Moreover, as was pointed out on behalf of the defendant, there were some differences between the version in Ms Ashton's affidavit, and the version in her verified pleading. The pleaded version was that Mr Pratt promised to establish a trust fund of $2.5 million for each of her two children "to be managed by the plaintiff for the benefit of the said children who are presently minors" - not that he would make the arrangements for setting up of the trust, as her affidavit version describes. Secondly, it was pleaded that Mr Pratt would pay the rent on her rented apartment, when the affidavit version was that he would pay rent for her if she moved out of that apartment. But I do not find those discrepancies particularly telling. Reference was also made to the circumstance that the pleading referred to a "retainer of $500,000 nett of taxation", while the affidavit referred to it being "tax free"; I see no significance at all in this supposed discrepancy.

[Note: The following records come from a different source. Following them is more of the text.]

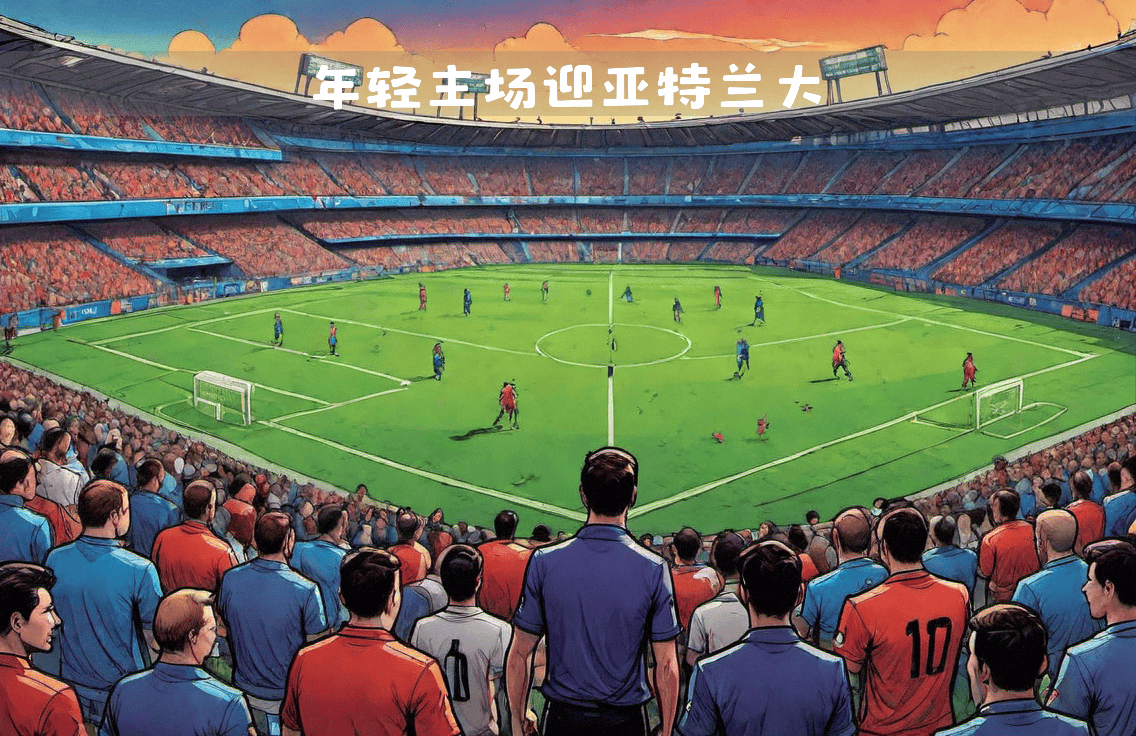 亚特兰大谋求突破，欧冠赛场目标明确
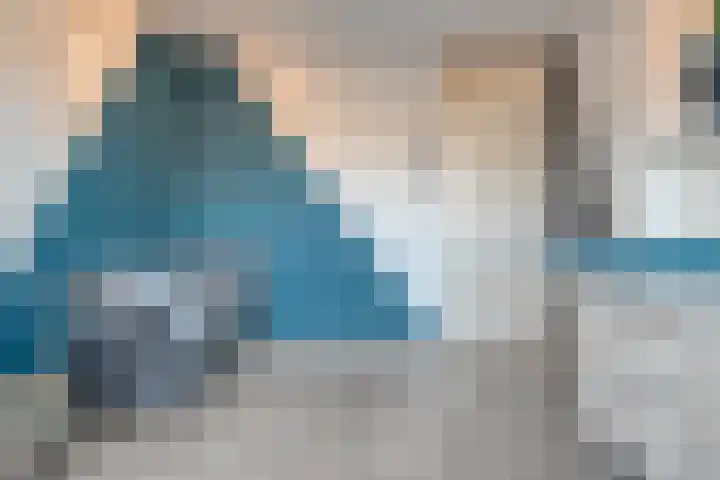Mien Ruyslaan 46 Dedemsvaart thumbnail 35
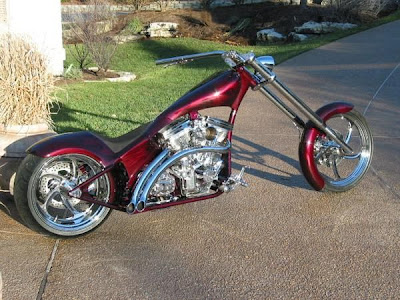  moto  harley davdson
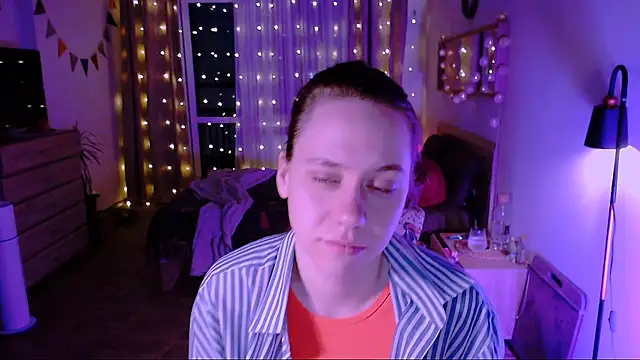 Malinax online show from February 2026 05:00:02 AM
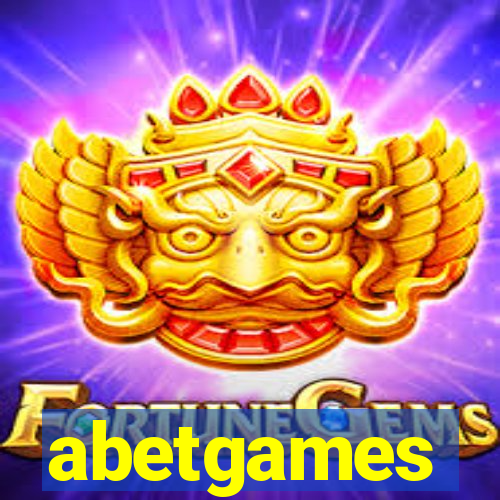 abetgames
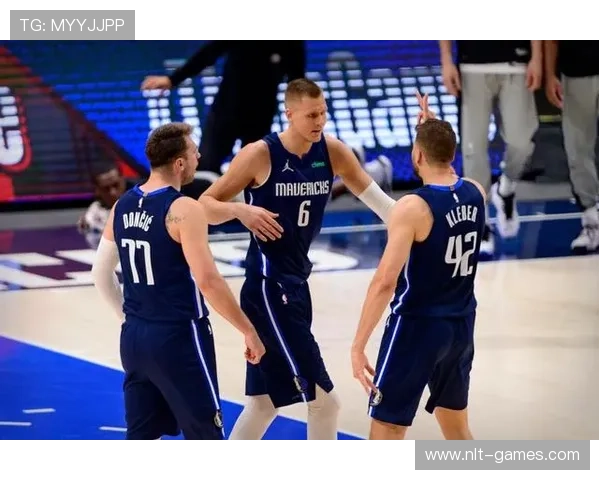 特温赛季前瞻：新阵容能否冲击季后赛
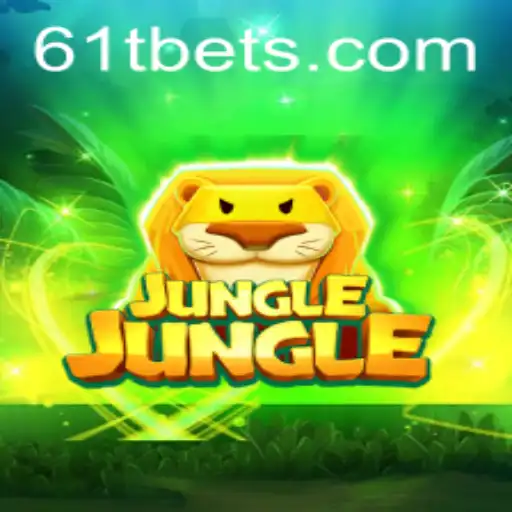 Exploring the World of JungleJungle: An In-Depth Look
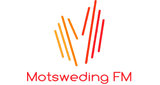 Motsweding FM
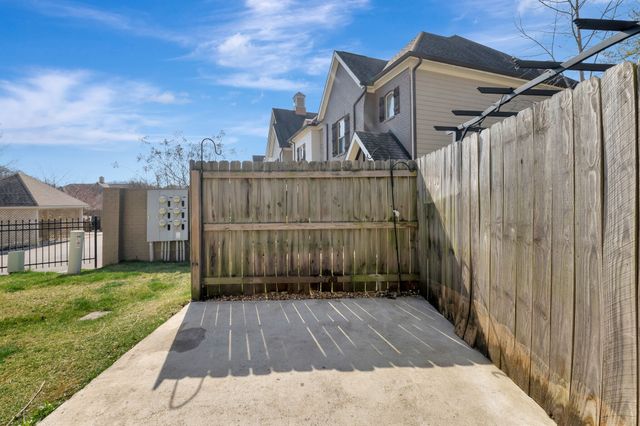 506 Harpeth Park Dr, Nashville, TN 37221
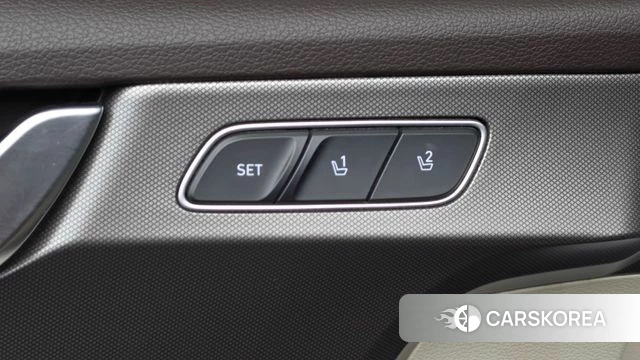 Hyundai Palisade id 4894584 из Кореи 9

On the other hand, in the context of the extraordinary wealth involved and the extraordinary circumstances of this extraordinary case, including the evidence bearing on Mr Pratts' relationship with Ms Hitchcock, I do not accept that Ms Ashton's account is inherently incredible. Some corroboration, albeit not independent, of Ms Ashton's version of the critical November 2003 conversation is provided by her letter of 19 January 2005. About it, the following observations must be made. First, it does not refer to the alleged allowance of $500,000 per annum, which - at least on one view - was the most significant of the alleged promises. Ms Ashton says that she raised this in her subsequent telephone conversation with Mr Pratt, and described its omission from the letter as a "huge mistake". Secondly, the letter does not assert an entitlement to be paid in accordance with the promises, but seeks a "payment figure" by way of "financial help"; it asks for a payment in the light of damage to Ms Ashton's reputation said to have been inflicted by Ms Hitchcock. This tends against a view that the promises were intended to be legally binding and enforceable.

Similarly, some further corroboration is afforded by the circumstance that Ms Ashton consulted solicitors with a view to initiating the present claim in January 2009, while Mr Pratt was alive, at a time when she could not have known that he would soon die, although it was not formally asserted until December 2009, after his death. Nonetheless the claim had been raised by Ms Ashton against Mr Pratt during his lifetime, in the 19 January 2005 letter, at a time when he was able to answer it, and in circumstances in which, even after his death, Mr Gray became sufficiently appraised of it to be able to answer it. At least to an extent, this distinguishes her claim from those which typically attract the rigours of Plunkett v Ball and Re Hodgson. ...

I therefore find, on balance, that Ms Ashton and Mr Pratt had a conversation in or about November 2003 substantially to the effect deposed to by Ms Ashton, in which he told her that he would establish trusts of $2.5 million for each of her two children, pay her an allowance of $500,000 per year, pay up to $36,000 per annum for rental accommodation for her (or buy her a house in the eastern suburbs), and pay $30,000 per annum for her business expenses, particularly travel.
In considering claims regarding a contract between the cardboard czar and Ms Ashton the Court comments that -
I do not accept that the terms of the arrangements discussed in the November 2003 conversation are too uncertain and incomplete to make a contract. Nonetheless, I am unpersuaded that Mr Pratt and Ms Ashton intended to make a contract. In the absence of express statement that their arrangements were or were not intended to be legally binding, intention to create legal relations is an inference of fact, determined objectively; accordingly, Ms Ashton's subjective intentions in that respect are not relevant [Ermogenous v Greek Orthodox Community of SA Inc (2002) 209 CLR 95, 105-7, [24]-[28]; Darmanin v Cowan [2010] NSWSC 1118, [204]-[215]].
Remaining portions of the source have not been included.